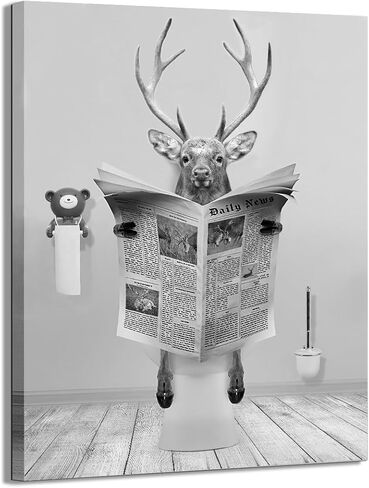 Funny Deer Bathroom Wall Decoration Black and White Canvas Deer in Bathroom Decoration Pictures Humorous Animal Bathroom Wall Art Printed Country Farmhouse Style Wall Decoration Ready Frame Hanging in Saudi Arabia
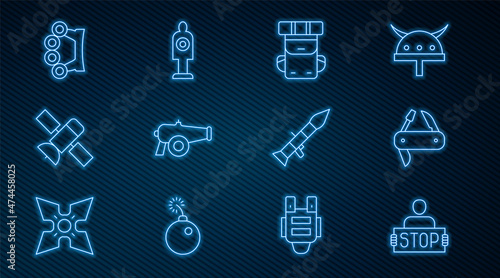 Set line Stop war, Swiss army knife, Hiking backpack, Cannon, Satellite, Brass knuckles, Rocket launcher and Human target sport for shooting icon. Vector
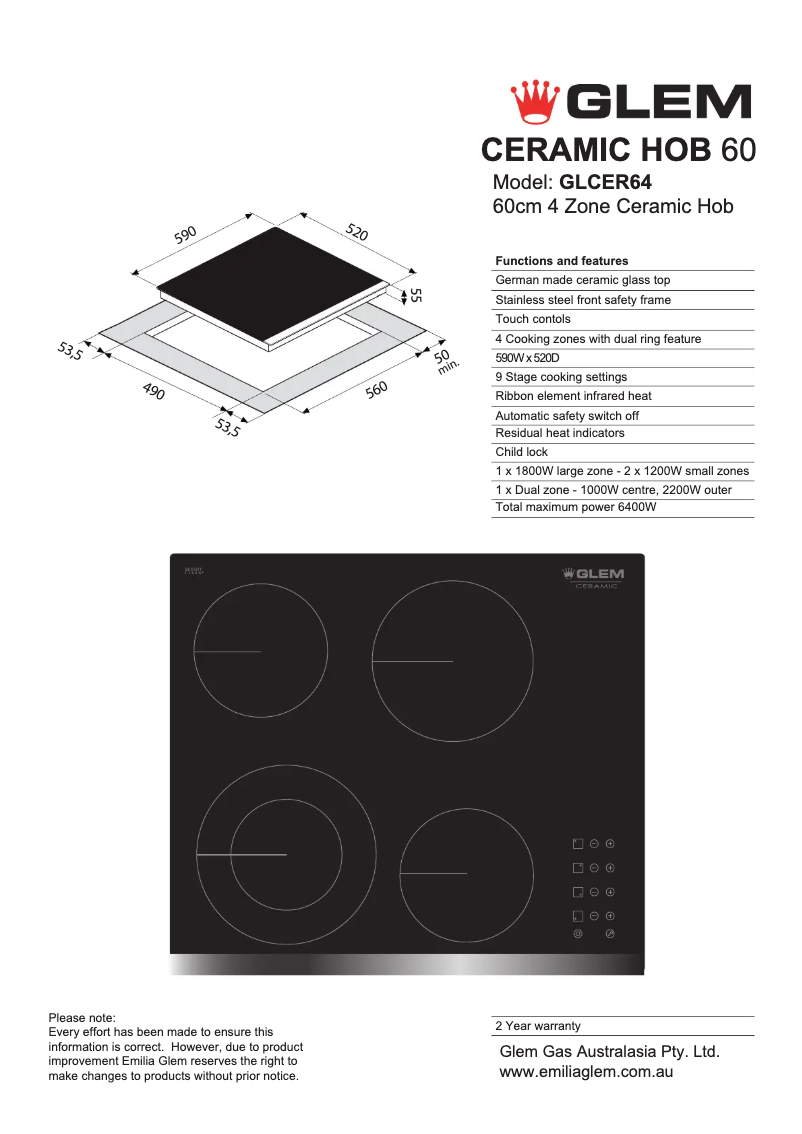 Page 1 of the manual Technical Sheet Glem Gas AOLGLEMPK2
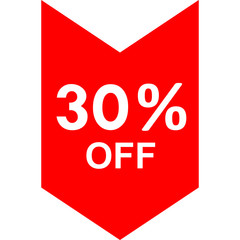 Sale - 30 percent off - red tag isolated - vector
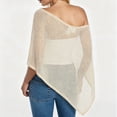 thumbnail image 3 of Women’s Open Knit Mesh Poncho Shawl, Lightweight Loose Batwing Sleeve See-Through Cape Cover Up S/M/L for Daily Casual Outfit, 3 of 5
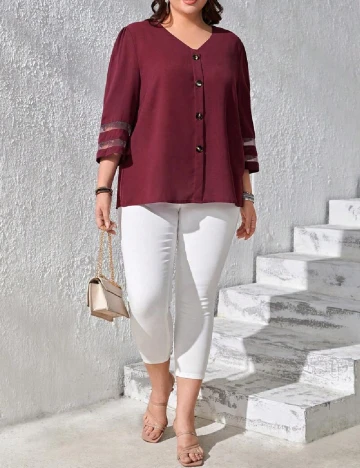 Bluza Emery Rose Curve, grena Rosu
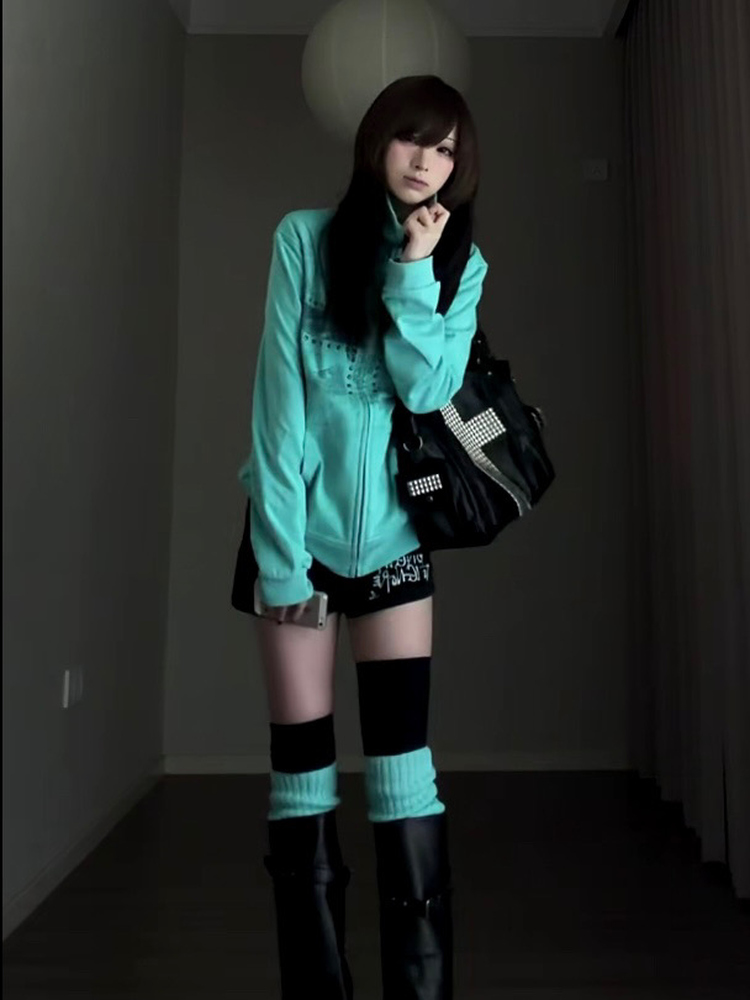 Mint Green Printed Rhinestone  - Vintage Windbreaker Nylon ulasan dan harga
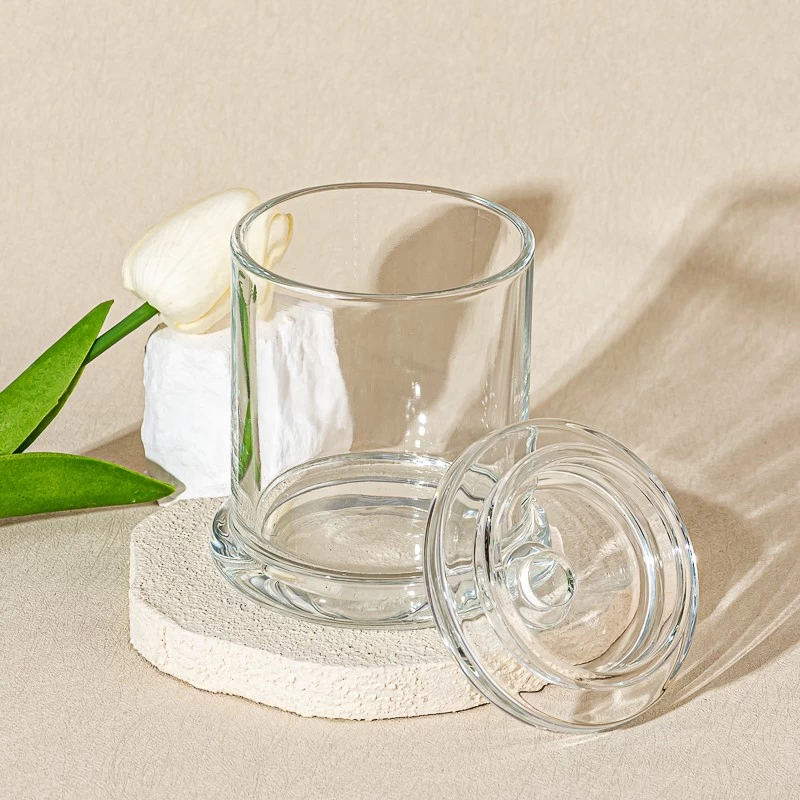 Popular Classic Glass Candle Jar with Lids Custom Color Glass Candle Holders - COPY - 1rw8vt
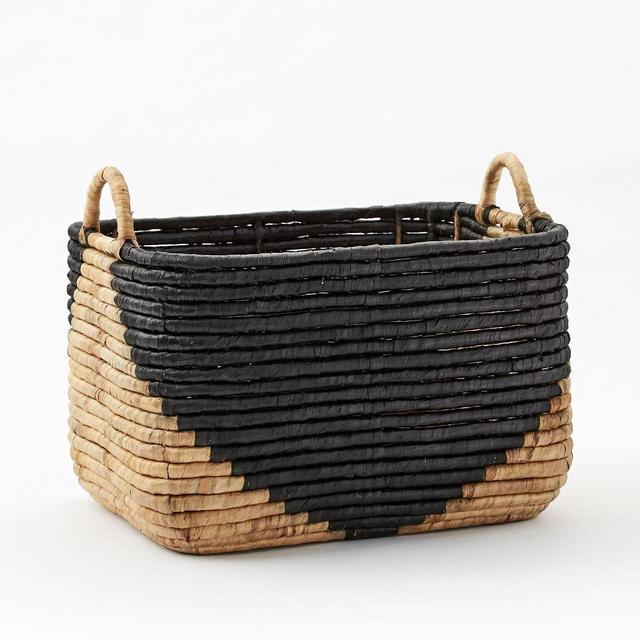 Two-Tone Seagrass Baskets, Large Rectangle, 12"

• [TASK TO COMPLETE] The data must be repeated exactly. Any pictures in it are to be left out.

• [EXPECTED OUTPUT]
 Funny Deer Bathroom Wall Decoration Black and White Canvas Deer in Bathroom Decoration Pictures Humorous Animal Bathroom Wall Art Printed Country Farmhouse Style Wall Decoration Ready Frame Hanging in Saudi Arabia
 Set line Stop war, Swiss army knife, Hiking backpack, Cannon, Satellite, Brass knuckles, Rocket launcher and Human target sport for shooting icon. Vector
 Page 1 of the manual Technical Sheet Glem Gas AOLGLEMPK2
 Sale - 30 percent off - red tag isolated - vector
 thumbnail image 3 of Women’s Open Knit Mesh Poncho Shawl, Lightweight Loose Batwing Sleeve See-Through Cape Cover Up S/M/L for Daily Casual Outfit, 3 of 5
 Bluza Emery Rose Curve, grena Rosu
 Mint Green Printed Rhinestone  - Vintage Windbreaker Nylon ulasan dan harga
 Popular Classic Glass Candle Jar with Lids Custom Color Glass Candle Holders - COPY - 1rw8vt
 Two-Tone Seagrass Baskets, Large Rectangle, 12"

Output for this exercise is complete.